2

I'm learning C by myself using real-world examples. Given my background (physics) I'm implementing a 4th order Runge-Kutta method. I have a function which performs a single RK4 step with arbitrary input ODE system and timestep. When calculating intermediate steps for RK4, I have two approaches, but I can't decide which one is more efficient.

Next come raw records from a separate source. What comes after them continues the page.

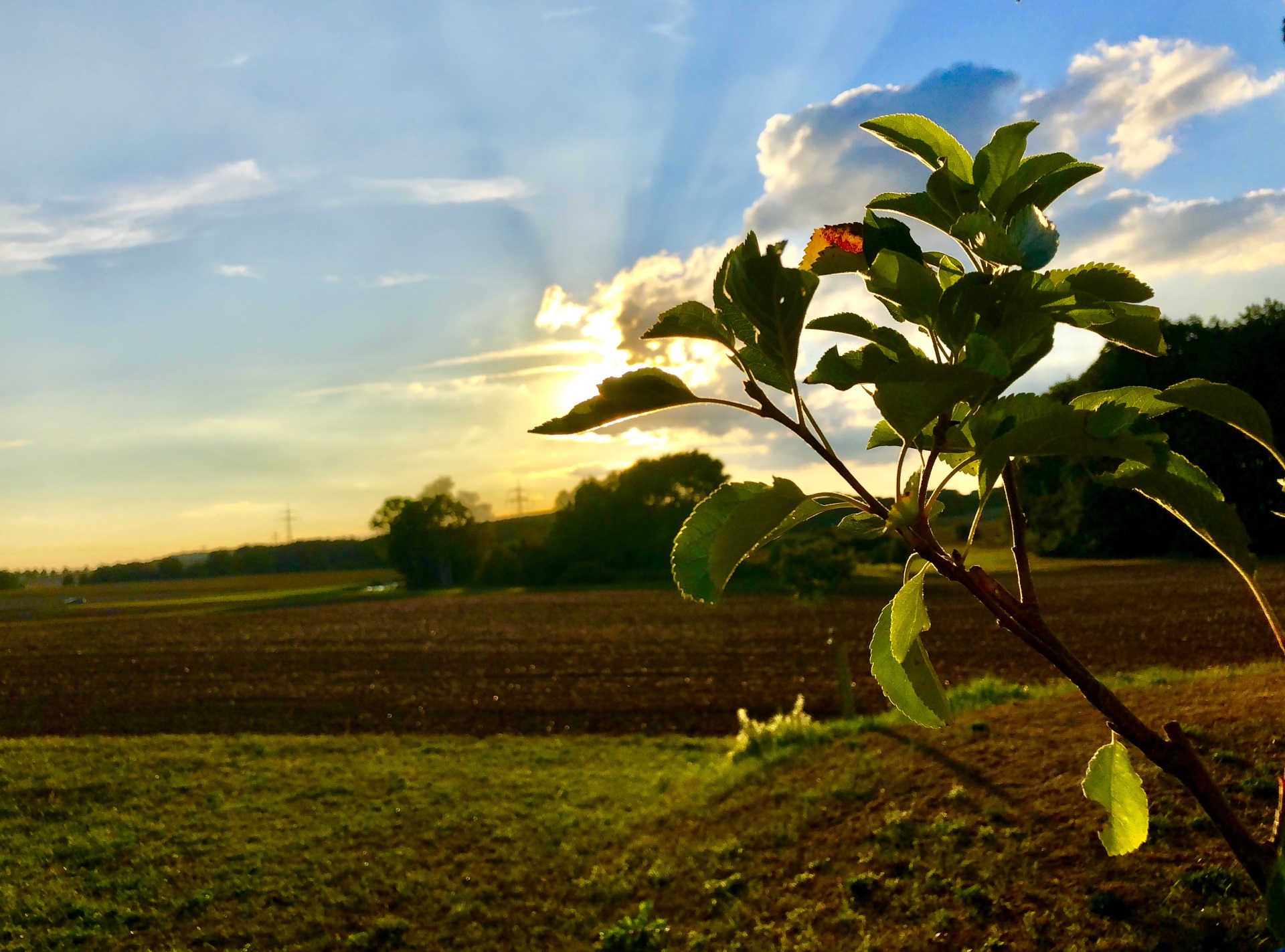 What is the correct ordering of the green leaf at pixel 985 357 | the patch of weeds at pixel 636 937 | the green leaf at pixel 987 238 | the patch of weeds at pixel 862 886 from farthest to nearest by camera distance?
1. the patch of weeds at pixel 636 937
2. the patch of weeds at pixel 862 886
3. the green leaf at pixel 987 238
4. the green leaf at pixel 985 357

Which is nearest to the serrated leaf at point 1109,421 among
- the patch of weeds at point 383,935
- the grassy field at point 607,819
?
the grassy field at point 607,819

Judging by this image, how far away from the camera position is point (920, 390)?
68 cm

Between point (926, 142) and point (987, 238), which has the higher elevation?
point (926, 142)

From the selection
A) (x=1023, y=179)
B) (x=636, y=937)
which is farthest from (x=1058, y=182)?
(x=636, y=937)

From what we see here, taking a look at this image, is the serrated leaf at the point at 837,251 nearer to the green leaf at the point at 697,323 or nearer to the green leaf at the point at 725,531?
the green leaf at the point at 697,323

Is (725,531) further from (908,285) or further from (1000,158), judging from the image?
(1000,158)

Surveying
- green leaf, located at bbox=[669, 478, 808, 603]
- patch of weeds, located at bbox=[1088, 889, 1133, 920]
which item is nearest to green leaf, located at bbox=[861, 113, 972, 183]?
green leaf, located at bbox=[669, 478, 808, 603]

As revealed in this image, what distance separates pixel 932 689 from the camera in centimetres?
91

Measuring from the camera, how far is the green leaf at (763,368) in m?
0.77

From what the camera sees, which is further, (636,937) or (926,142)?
(636,937)

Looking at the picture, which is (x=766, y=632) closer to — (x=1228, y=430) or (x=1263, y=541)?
(x=1228, y=430)

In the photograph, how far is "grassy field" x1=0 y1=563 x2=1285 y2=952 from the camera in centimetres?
401

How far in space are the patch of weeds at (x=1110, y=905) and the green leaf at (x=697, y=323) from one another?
3796mm

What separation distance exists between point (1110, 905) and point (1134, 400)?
3569 millimetres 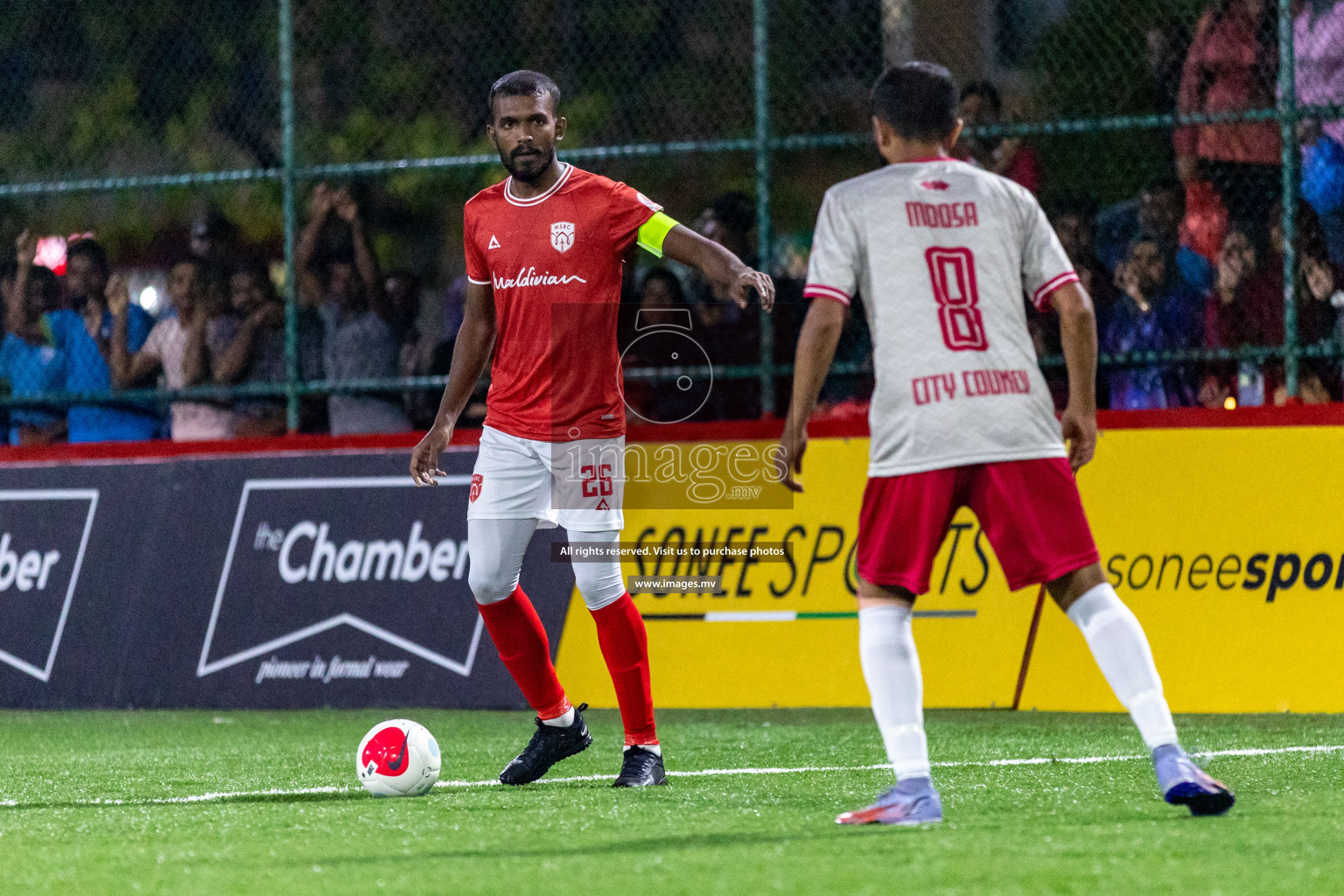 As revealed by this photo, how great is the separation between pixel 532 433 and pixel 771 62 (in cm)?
464

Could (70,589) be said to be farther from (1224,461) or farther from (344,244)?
(1224,461)

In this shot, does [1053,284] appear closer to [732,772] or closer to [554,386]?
[554,386]

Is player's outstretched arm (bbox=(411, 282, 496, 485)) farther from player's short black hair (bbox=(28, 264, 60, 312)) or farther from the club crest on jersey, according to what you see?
player's short black hair (bbox=(28, 264, 60, 312))

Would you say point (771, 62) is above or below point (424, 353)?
above

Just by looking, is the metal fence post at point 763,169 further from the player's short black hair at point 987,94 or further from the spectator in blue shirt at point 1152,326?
the spectator in blue shirt at point 1152,326

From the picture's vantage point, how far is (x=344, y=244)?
11305 mm

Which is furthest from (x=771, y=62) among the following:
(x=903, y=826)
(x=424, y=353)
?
(x=903, y=826)

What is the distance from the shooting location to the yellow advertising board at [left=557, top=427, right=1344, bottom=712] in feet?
28.1

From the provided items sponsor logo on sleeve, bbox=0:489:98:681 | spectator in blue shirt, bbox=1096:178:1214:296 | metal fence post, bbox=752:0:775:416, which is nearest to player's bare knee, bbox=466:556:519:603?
metal fence post, bbox=752:0:775:416

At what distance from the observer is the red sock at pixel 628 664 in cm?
666

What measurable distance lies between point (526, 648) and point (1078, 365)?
2.37 meters

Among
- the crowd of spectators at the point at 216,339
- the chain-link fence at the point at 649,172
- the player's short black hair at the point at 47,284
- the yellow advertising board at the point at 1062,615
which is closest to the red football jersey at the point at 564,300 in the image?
the yellow advertising board at the point at 1062,615

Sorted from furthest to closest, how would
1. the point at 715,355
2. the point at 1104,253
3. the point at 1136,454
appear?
the point at 715,355 → the point at 1104,253 → the point at 1136,454

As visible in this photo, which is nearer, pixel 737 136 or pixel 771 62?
pixel 771 62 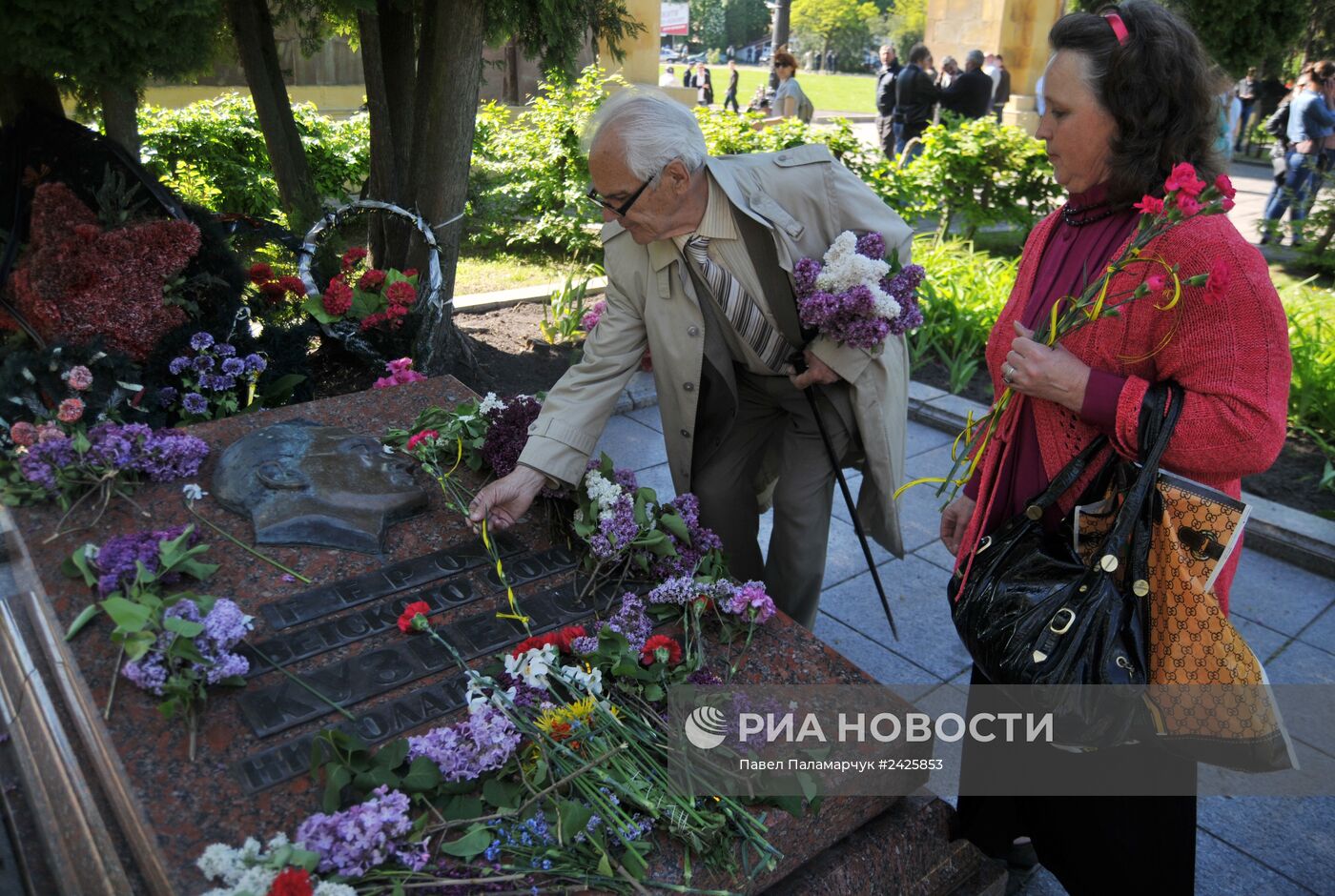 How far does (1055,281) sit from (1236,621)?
7.31 ft

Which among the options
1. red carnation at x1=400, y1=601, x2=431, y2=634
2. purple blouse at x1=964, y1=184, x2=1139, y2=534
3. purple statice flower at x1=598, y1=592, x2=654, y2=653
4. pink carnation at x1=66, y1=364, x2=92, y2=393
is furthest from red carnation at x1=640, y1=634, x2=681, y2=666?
pink carnation at x1=66, y1=364, x2=92, y2=393

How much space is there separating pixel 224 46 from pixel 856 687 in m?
5.15

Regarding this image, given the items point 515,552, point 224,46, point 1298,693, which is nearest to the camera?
point 515,552

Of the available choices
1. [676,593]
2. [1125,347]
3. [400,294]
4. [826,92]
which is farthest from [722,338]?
[826,92]

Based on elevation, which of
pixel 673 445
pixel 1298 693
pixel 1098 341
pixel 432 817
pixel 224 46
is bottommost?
pixel 1298 693

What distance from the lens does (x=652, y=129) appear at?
222cm

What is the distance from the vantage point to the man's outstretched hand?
2295 millimetres

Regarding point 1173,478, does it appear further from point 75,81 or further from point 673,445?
point 75,81

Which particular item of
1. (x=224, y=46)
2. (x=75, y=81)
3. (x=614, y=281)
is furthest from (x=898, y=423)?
(x=224, y=46)

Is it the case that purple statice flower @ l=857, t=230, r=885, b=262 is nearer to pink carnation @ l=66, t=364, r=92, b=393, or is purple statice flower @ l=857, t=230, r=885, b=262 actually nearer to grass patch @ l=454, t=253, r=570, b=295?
pink carnation @ l=66, t=364, r=92, b=393

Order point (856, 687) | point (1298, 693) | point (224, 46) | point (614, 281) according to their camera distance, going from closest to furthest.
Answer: point (856, 687)
point (614, 281)
point (1298, 693)
point (224, 46)

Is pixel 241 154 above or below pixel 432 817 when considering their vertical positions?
above

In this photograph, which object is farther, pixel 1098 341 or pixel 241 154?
pixel 241 154

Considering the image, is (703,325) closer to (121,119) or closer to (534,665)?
(534,665)
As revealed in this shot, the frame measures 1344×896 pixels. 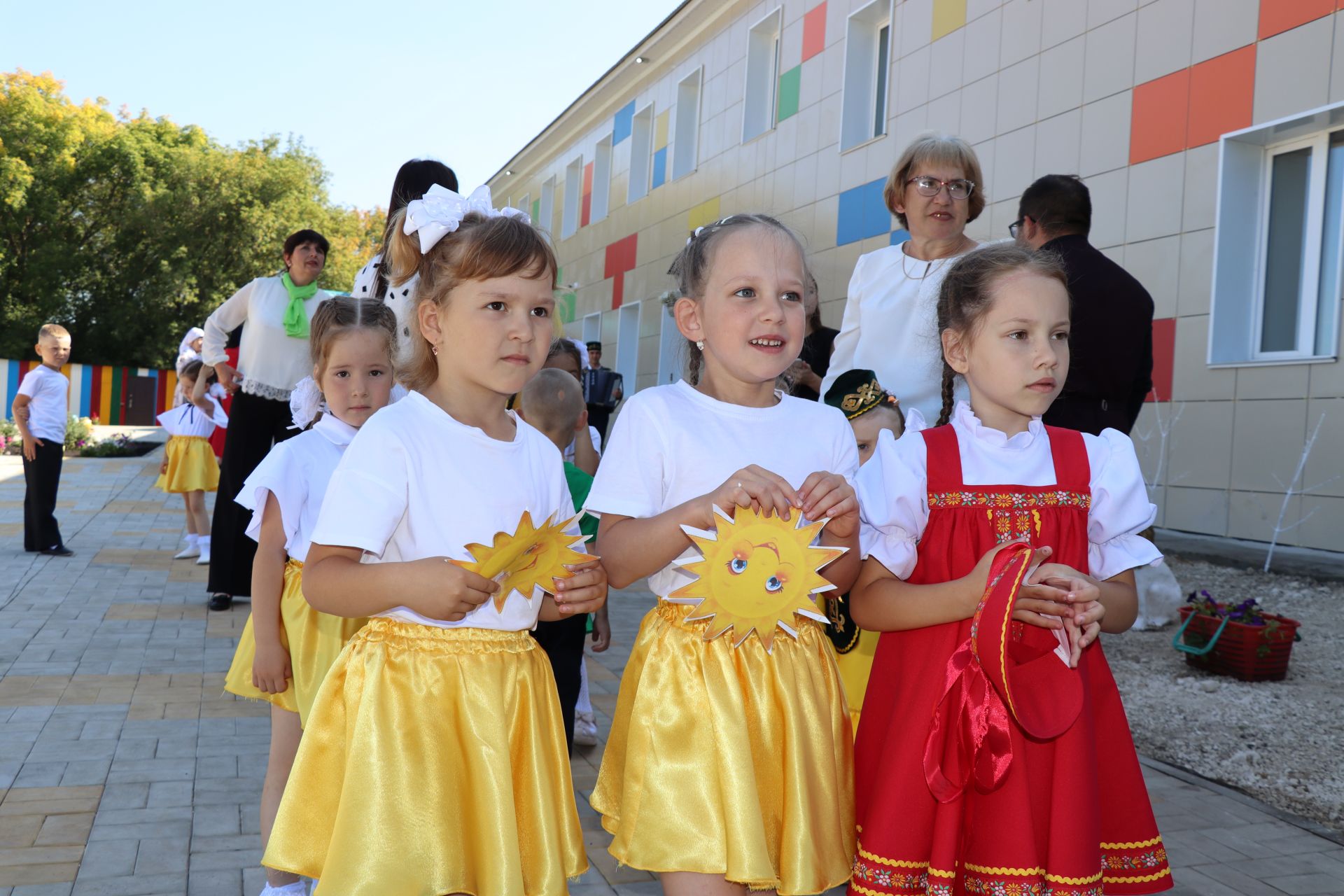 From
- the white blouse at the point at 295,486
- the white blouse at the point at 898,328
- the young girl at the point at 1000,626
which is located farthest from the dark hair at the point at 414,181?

In the 1st approach, I'm allocating an array 'k' on the heap, passing it to the RK4 step function, and doing calculations. You can see the related functions below:

void rk4Step(double t, double dt, double* p, double* y, double* k, int n_eqns, ODE* f) {
    double y_orig_val;
    for (int i = 0; i < n_eqns; i++) {
        y_orig_val = y[i];
        k[0] = dt * (*f)(p, t, y, i);

        y[i] += 0.5 * k[0];
        k[1] = dt * (*f)(p, t + 0.5 * dt, y, i);
        y[i] = y_orig_val;

        y[i] += 0.5 * k[1];
        k[2] = dt * (*f)(p, t + 0.5 * dt, y, i);
        y[i] = y_orig_val;

        y[i] += k[2];
        k[3] = dt * (*f)(p, t + dt, y, i);
        y[i] = y_orig_val;

        y[i] += 1.0 / 3.0 * (1.0 / 2.0 * (k[0] + k[3]) + (k[1] + k[2]));
    }
}

void solveODE(double t, double dt, int n_eqns, int n_params, int n_steps, ODE* f) {

    double* y = malloc(n_eqns * sizeof(double));
    double* p = malloc(n_params * sizeof(double));
    double* k = malloc(4 * sizeof(double));
    init(p, y, n_eqns);

    FILE* sol = fopen("sol.dat", "w");

    for (int i = 0; i <= n_steps; i++) {
        fprintf(sol, "%f\t", t);
        for (int j = 0; j < n_eqns-1; j++) {
            fprintf(sol, "%f\t", y[j]);
        }
        fprintf(sol, "%f\n", y[n_eqns-1]);

        rk4Step(t, dt, p, y, k, n_eqns, f);
        t += dt;
    }

    free(y);
    free(p);
    free(k);
    fclose(sol);
}

In the other approach the variable 'k' is not allocated on the heap, but on the stack in the body of the rk4Step function. As you can see, the rk4Step function is used in a loop. This was the variable k would be allocated on the stack again and again in each iteration.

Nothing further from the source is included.